** Provided information follows **

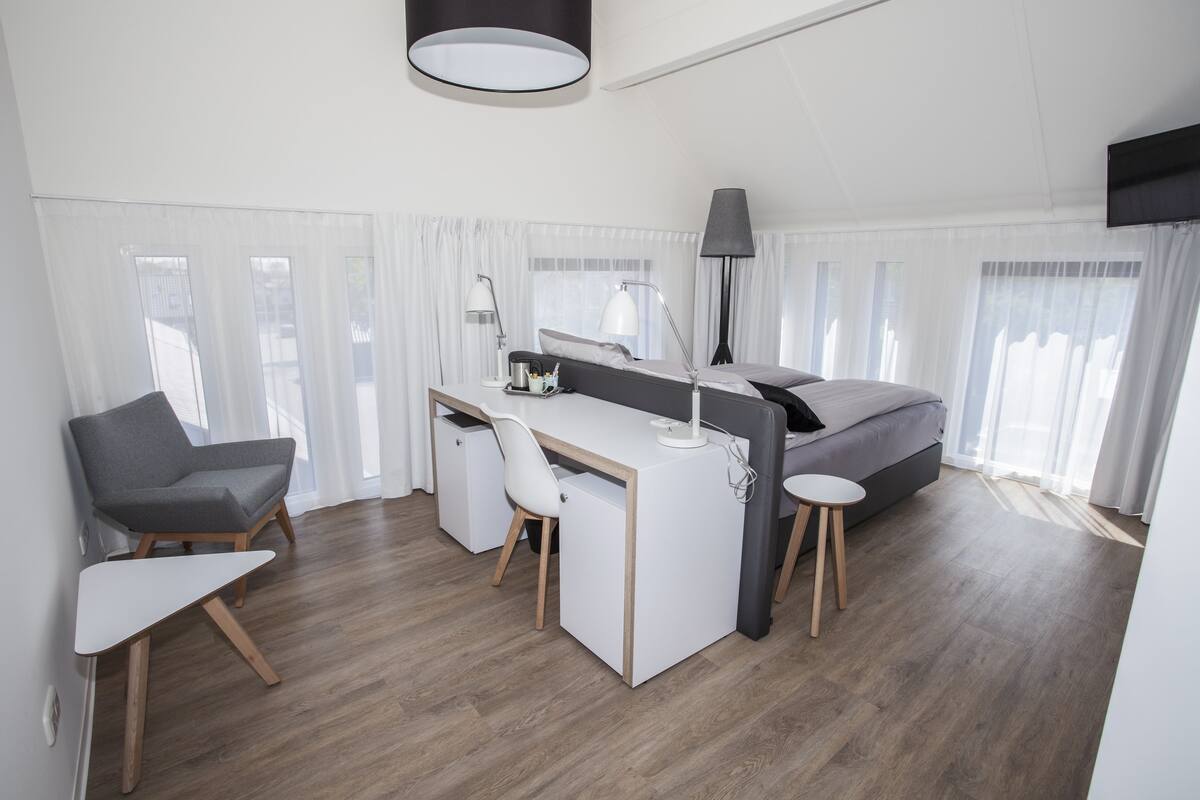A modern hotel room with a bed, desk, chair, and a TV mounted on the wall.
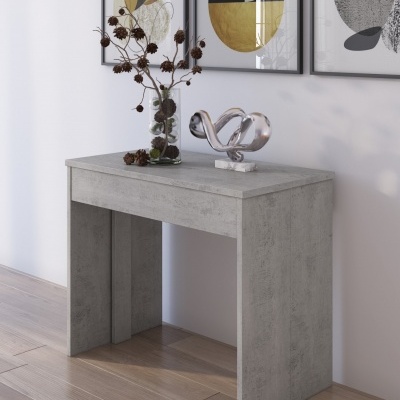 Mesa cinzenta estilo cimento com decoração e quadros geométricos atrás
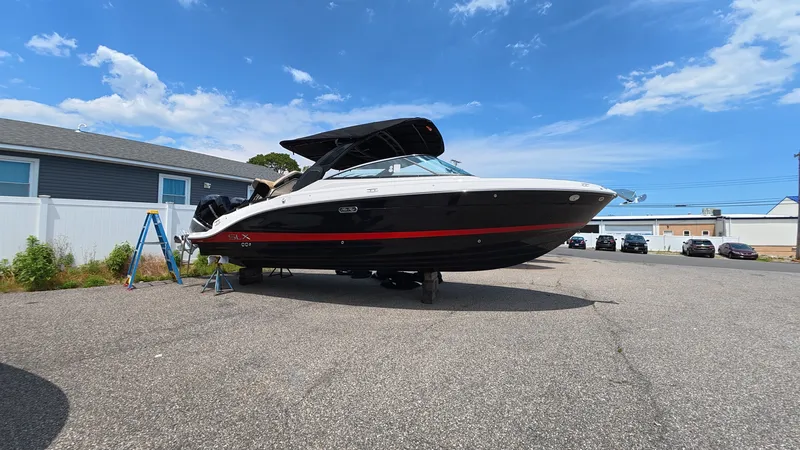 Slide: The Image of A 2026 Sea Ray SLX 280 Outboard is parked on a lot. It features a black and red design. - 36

** End of Provided information **
** Provided information follows **

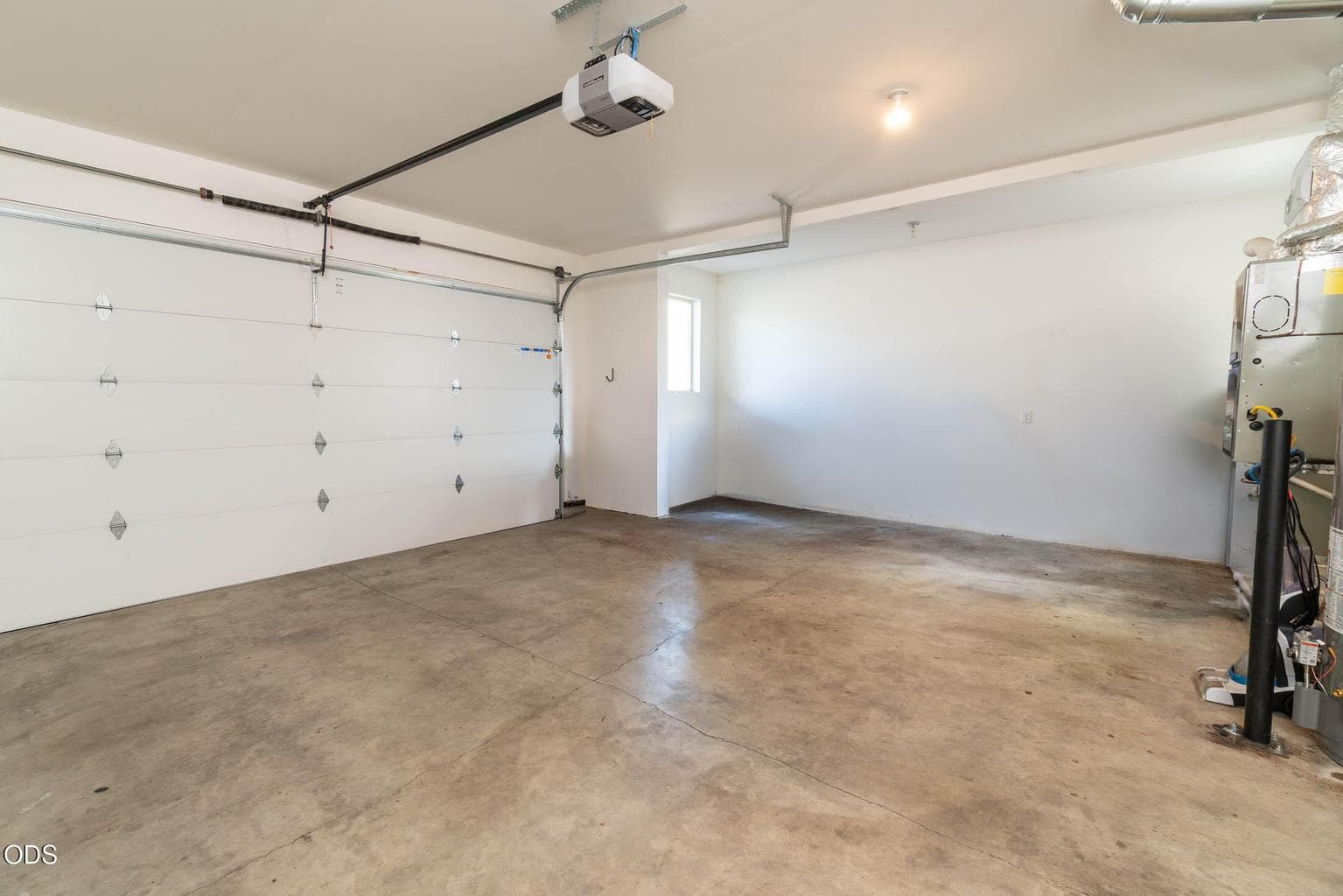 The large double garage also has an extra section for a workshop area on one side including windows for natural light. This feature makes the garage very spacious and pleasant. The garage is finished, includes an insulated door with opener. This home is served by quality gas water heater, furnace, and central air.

** End of Provided information **

An exact transcription is needed of the lines from the one with "A modern hotel" to the one with "Slide: The Image" above, both ends included, with pictures left out.

A modern hotel room with a bed, desk, chair, and a TV mounted on the wall.
 Mesa cinzenta estilo cimento com decoração e quadros geométricos atrás
 Slide: The Image of A 2026 Sea Ray SLX 280 Outboard is parked on a lot. It features a black and red design. - 36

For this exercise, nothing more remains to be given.